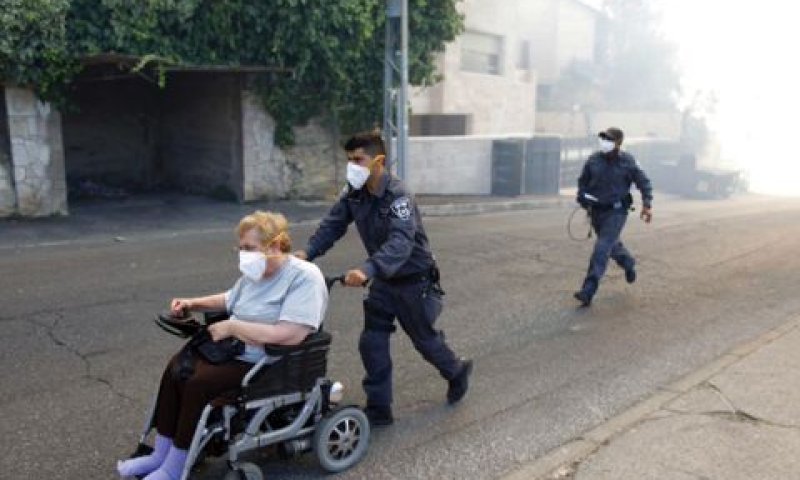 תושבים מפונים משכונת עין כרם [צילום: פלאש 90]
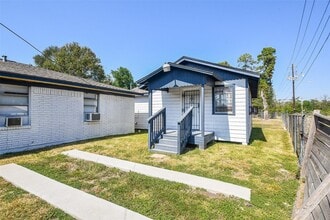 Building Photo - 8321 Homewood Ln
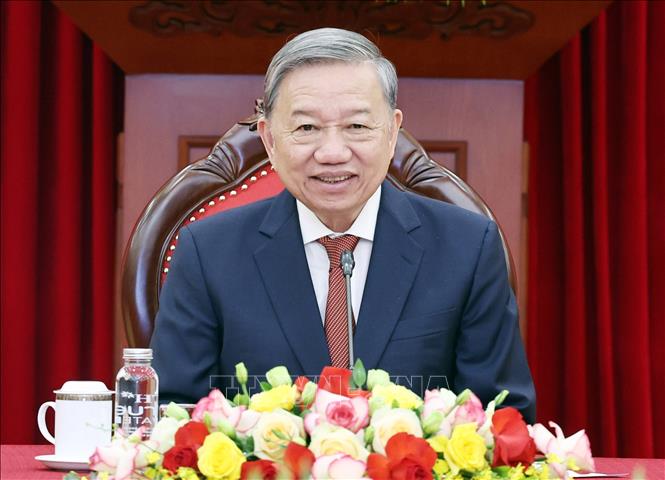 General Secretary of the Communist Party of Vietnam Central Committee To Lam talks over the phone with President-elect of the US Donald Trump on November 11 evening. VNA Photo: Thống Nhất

■ ■ ■ ■ ■

:: WORK TO BE COMPLETED ::
From the listing, extract all text exactly as given and drop any picture.

:: WRITTEN ANSWER ::
 תושבים מפונים משכונת עין כרם [צילום: פלאש 90]
 Building Photo - 8321 Homewood Ln
 General Secretary of the Communist Party of Vietnam Central Committee To Lam talks over the phone with President-elect of the US Donald Trump on November 11 evening. VNA Photo: Thống Nhất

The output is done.